Comma.ai, a San Francisco startup, was creating a $999 hardware device that could upgrade a handful of cars so they could steer themselves and follow stop-and-go traffic. It would hack into the car’s on-board sensors, including the adaptive cruise control radar, and extend or amplify features already on the car, according to founder George Hotz. It wasn’t intended for the driver to be uninvolved with the car. Hotz also made the claim the device is “about on par with Tesla Autopilot” in functionality — meaning, perhaps, that it works well but there might be a fatal accident in the offing.

That got the National Highway Traffic Safety Administration super-interested. In late October 2016, he got a tough-guy letter from NHTSA telling him he could be in deep doo-doo and he needed to be “aware of and in full compliance with your legal responsibilities to ensure vehicle safety before introducing this product into commerce.”
Hotz promptly cancelled plans for the physical product. Shortly after that, Comma.ai put online, free, plans for the hardware device, the Neo; a components list; and software source code. Jorgenson immediately downloaded the information and got to work. By January he the car up and running.

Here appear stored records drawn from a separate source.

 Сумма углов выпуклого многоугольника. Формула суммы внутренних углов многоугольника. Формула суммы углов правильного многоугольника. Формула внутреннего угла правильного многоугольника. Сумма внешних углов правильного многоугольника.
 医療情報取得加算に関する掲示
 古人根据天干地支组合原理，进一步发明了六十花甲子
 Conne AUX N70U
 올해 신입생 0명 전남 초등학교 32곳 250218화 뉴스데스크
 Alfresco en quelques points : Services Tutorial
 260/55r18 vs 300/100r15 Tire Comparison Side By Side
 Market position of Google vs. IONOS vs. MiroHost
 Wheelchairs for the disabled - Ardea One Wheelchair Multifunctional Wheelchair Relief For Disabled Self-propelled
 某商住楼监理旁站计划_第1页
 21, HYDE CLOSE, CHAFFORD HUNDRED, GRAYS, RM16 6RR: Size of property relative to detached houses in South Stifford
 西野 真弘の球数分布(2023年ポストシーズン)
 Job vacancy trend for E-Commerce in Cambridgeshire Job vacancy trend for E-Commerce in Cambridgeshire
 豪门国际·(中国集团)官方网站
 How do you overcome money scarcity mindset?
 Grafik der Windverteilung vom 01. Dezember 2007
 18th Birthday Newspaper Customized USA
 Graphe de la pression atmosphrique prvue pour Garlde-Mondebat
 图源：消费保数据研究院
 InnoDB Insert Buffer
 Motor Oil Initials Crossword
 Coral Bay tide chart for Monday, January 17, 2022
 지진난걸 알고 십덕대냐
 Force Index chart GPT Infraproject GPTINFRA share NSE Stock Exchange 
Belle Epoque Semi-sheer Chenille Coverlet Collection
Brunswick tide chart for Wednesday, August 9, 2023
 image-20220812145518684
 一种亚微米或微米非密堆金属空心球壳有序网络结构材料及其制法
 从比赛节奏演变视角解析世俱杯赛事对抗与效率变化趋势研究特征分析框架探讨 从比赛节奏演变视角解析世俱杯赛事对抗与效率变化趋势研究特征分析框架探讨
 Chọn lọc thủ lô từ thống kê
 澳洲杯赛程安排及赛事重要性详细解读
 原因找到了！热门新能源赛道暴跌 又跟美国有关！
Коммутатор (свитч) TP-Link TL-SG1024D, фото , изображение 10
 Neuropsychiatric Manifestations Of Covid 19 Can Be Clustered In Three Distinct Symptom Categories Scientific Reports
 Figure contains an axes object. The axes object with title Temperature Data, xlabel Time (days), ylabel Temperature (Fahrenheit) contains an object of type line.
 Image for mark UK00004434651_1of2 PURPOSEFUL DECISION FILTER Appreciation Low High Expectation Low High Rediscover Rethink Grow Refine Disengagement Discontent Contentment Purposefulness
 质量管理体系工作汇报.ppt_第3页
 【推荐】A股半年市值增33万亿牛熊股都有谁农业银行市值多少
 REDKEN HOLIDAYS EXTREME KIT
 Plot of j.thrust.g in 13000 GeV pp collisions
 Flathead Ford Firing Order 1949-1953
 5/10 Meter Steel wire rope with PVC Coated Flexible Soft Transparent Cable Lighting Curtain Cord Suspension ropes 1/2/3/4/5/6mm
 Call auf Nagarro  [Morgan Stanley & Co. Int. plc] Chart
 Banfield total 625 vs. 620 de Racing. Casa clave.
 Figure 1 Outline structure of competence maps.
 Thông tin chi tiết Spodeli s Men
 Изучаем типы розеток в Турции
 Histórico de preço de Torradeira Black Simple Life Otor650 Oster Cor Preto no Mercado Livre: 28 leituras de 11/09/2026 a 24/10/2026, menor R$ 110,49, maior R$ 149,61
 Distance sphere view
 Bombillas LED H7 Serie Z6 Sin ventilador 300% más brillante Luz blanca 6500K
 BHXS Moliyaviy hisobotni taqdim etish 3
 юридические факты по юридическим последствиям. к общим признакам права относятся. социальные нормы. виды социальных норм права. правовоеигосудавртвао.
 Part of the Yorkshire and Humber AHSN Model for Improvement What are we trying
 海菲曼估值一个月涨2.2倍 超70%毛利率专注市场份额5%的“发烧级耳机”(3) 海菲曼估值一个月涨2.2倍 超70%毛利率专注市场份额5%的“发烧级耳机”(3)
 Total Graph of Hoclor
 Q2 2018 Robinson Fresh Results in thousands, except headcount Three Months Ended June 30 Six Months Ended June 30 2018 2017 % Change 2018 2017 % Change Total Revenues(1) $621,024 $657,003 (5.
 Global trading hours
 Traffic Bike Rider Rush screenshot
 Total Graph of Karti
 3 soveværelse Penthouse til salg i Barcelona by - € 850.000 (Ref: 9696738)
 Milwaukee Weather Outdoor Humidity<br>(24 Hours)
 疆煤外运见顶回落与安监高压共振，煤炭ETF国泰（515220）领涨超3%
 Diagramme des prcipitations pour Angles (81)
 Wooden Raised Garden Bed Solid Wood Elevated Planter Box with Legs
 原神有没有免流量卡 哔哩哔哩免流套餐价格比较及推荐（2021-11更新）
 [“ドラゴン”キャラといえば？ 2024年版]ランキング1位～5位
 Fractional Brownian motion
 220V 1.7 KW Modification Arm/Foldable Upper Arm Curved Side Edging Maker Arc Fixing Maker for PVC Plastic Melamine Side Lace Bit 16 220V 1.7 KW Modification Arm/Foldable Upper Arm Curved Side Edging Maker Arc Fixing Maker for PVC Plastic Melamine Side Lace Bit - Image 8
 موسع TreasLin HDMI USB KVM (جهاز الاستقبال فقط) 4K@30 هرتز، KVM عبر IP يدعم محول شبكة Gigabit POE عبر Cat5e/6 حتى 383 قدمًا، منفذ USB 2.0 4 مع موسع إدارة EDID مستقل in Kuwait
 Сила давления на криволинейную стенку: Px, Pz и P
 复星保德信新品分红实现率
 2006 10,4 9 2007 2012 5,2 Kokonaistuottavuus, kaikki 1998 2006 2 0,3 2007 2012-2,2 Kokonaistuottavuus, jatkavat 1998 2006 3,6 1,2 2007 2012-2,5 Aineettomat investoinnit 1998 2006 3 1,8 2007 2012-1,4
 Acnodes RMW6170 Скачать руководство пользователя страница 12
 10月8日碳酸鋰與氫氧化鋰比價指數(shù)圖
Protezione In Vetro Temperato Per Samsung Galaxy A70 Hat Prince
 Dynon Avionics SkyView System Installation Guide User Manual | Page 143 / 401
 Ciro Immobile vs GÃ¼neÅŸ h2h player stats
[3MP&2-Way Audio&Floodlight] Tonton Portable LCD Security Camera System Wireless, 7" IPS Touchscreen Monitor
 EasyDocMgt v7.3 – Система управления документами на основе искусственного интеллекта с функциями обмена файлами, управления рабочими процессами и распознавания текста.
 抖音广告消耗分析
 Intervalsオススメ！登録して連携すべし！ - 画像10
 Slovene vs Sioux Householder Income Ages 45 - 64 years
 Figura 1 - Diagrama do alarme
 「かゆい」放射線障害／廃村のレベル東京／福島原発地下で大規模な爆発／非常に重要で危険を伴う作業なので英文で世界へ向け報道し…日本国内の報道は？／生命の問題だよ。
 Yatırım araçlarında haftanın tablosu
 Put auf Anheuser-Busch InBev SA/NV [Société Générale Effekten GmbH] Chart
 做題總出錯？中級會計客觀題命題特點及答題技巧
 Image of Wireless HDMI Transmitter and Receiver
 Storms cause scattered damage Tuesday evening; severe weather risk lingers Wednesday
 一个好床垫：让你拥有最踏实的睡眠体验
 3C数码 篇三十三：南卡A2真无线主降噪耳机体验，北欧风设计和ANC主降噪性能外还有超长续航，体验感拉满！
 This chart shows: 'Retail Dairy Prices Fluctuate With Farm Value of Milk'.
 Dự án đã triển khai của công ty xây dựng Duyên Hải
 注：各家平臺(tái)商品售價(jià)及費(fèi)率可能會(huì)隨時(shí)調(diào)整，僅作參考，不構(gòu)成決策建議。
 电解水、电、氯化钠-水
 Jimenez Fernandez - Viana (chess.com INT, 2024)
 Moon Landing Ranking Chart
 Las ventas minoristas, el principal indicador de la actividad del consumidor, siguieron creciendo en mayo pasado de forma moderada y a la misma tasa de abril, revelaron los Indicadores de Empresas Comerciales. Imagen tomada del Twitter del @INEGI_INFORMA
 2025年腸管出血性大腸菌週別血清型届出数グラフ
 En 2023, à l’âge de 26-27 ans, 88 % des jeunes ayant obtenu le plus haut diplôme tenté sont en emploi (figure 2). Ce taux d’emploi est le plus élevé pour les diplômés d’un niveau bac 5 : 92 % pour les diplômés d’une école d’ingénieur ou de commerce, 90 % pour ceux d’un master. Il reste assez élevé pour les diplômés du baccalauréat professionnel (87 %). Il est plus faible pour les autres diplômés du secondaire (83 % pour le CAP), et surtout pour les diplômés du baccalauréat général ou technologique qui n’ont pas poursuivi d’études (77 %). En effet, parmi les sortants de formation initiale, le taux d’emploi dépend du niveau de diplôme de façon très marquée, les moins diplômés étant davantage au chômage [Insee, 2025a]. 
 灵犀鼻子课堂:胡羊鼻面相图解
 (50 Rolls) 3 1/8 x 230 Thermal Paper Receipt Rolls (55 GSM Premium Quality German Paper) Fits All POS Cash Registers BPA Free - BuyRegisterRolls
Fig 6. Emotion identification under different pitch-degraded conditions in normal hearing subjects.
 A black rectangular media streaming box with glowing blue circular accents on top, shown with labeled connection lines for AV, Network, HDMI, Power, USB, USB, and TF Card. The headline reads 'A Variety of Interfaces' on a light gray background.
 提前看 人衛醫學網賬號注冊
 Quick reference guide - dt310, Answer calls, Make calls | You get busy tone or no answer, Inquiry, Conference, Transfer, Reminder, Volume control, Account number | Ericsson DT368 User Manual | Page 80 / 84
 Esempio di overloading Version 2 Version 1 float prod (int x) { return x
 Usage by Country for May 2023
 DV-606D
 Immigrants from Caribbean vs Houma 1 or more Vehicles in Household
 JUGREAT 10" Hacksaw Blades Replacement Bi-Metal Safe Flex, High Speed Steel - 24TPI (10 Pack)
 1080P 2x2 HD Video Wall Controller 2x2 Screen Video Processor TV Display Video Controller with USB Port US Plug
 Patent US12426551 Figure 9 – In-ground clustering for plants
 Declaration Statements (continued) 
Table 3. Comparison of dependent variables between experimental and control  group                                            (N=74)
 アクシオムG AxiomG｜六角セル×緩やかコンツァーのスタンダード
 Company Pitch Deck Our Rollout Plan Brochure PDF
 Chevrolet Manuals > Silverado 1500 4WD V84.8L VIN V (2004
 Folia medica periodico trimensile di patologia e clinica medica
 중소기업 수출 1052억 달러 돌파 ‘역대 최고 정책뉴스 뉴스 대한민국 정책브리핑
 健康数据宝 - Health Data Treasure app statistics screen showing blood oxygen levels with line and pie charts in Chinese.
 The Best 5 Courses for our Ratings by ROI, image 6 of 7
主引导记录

What it is, and how legal it is

The Neo system is built from a OnePlus 3 Android phone, the now-free Openpilot software, a circuit board linking the Neo and the car’s electronics, and a 3D-printed case.
Since then, Neodriven, a Los Angeles startup, has started selling a fully built Neo working off Openpilot for $1,495.

As for legality, MIT Technology Review quoted University of South Carolina law prof Bryant Walker Smith, who said laws at both the federal and state level don’t target individual hobbyists and tinkerers who want to maintain and upgrade their cars. He added that a car might be legal with homemade upgrades, but if there was a crash, the owner/operator might still be in a tough spot in a civil liability suit.

It’s possible insurance companies might add yet one more paragraph to their list of coverage exclusions, this time not covering cars made autonomous. In the 1990s, with the growth in popularity of “track days” at racetracks, insurers said coverage was void if you were driving on a racetrack.

Others are trying to add specific autonomous features to cars, for instance to recognize and slow for stop signs, or warn drivers of impending rear collisions. Such cars would most would benefit X-by-wire (non-mechanical) gas and brake pedals, and steer-by-wire. Many cars have throttle-by-wire, only one car (Infiniti Q50) has steer by wire, and no car yet has brake-by-wire.